* **YOUR GOAL**:
Only one span of the material below is wanted. Output it exactly, from the line with "Penstemon serrulatus" through the line with "Dog-Pet-Model-Challenge-Facebook", without any pictures.

* **DATA FOR THE TASK**:
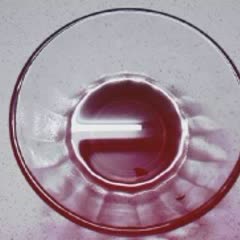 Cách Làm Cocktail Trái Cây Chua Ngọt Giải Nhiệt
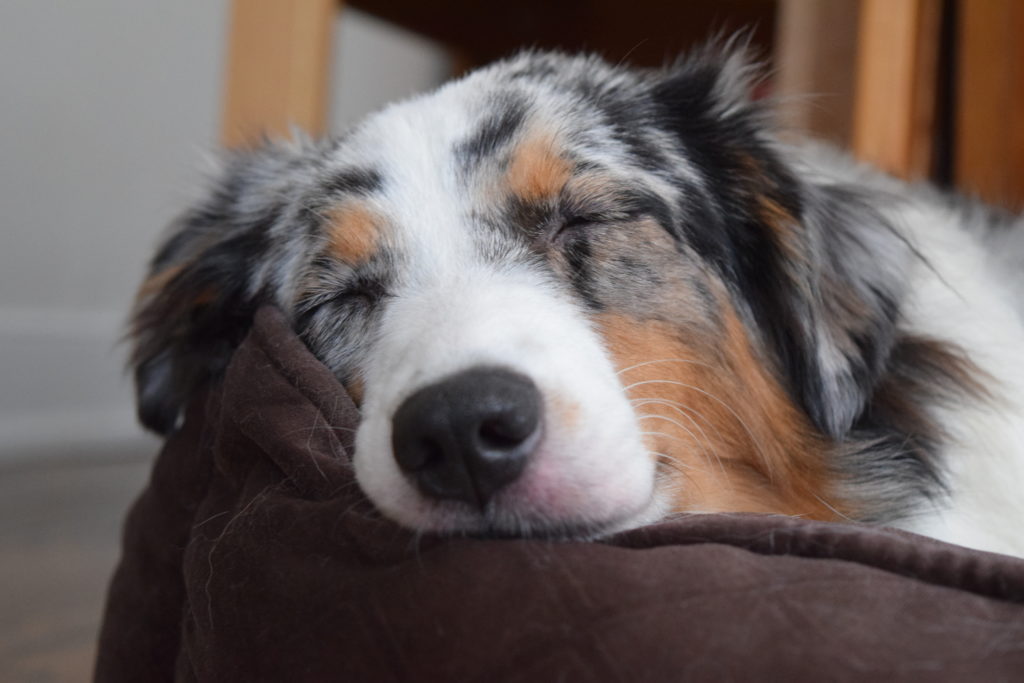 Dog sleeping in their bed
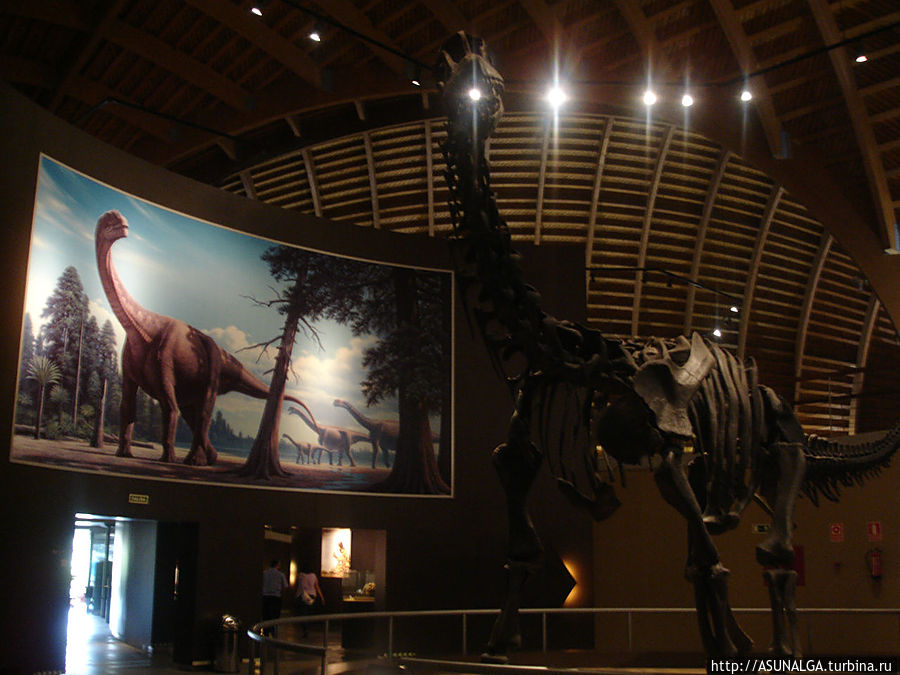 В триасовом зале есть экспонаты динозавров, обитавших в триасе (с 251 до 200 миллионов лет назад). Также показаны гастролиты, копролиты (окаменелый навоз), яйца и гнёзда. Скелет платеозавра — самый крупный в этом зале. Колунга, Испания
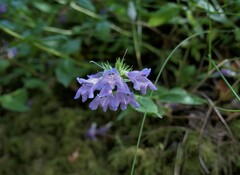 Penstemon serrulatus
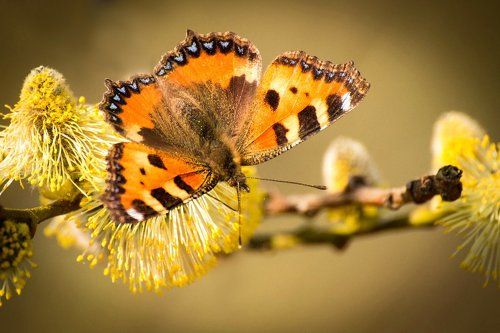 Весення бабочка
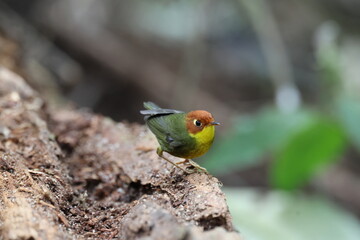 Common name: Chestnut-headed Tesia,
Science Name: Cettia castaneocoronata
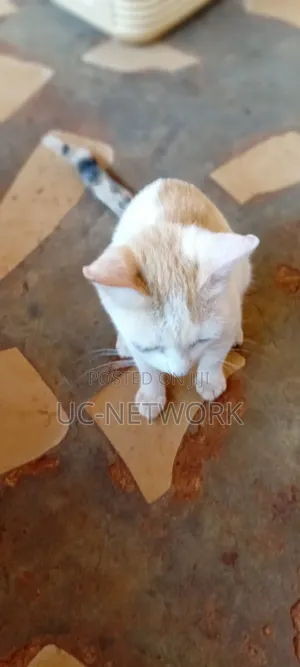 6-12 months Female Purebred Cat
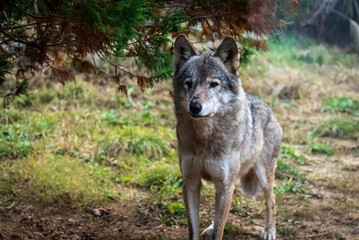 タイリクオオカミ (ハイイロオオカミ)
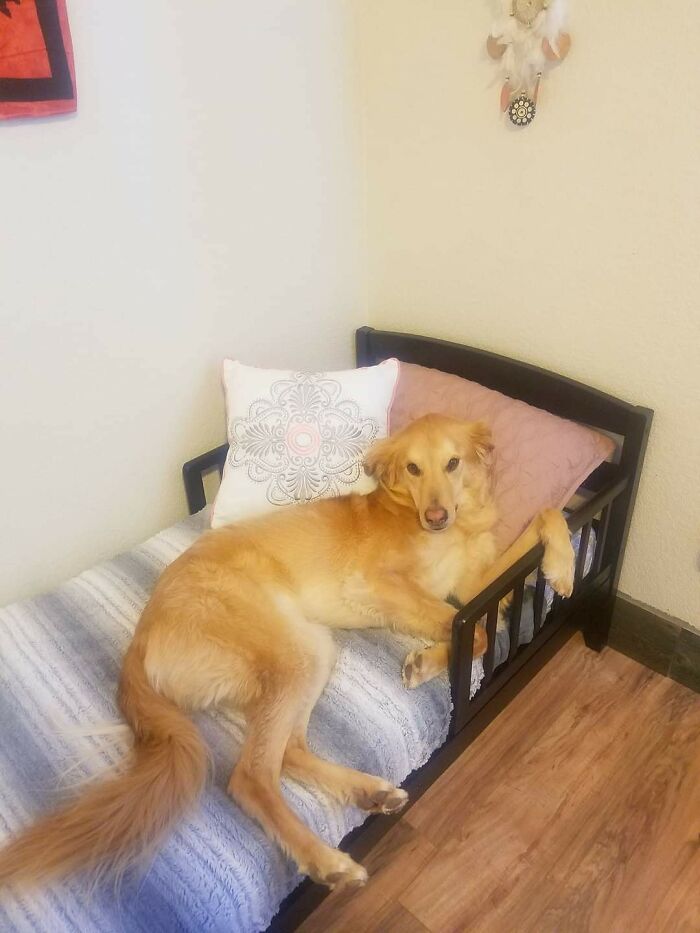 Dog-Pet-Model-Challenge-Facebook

...

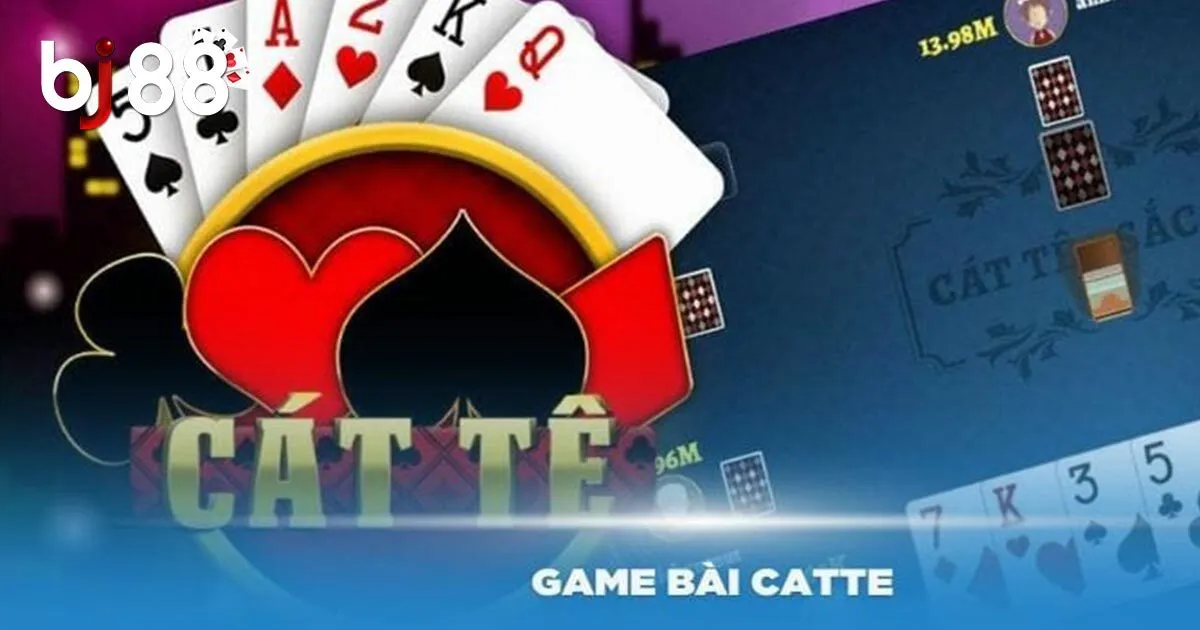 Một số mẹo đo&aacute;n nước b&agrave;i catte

* **REPLY**:
 Penstemon serrulatus
 Весення бабочка
 Common name: Chestnut-headed Tesia,
Science Name: Cettia castaneocoronata
 6-12 months Female Purebred Cat
 タイリクオオカミ (ハイイロオオカミ)
 Dog-Pet-Model-Challenge-Facebook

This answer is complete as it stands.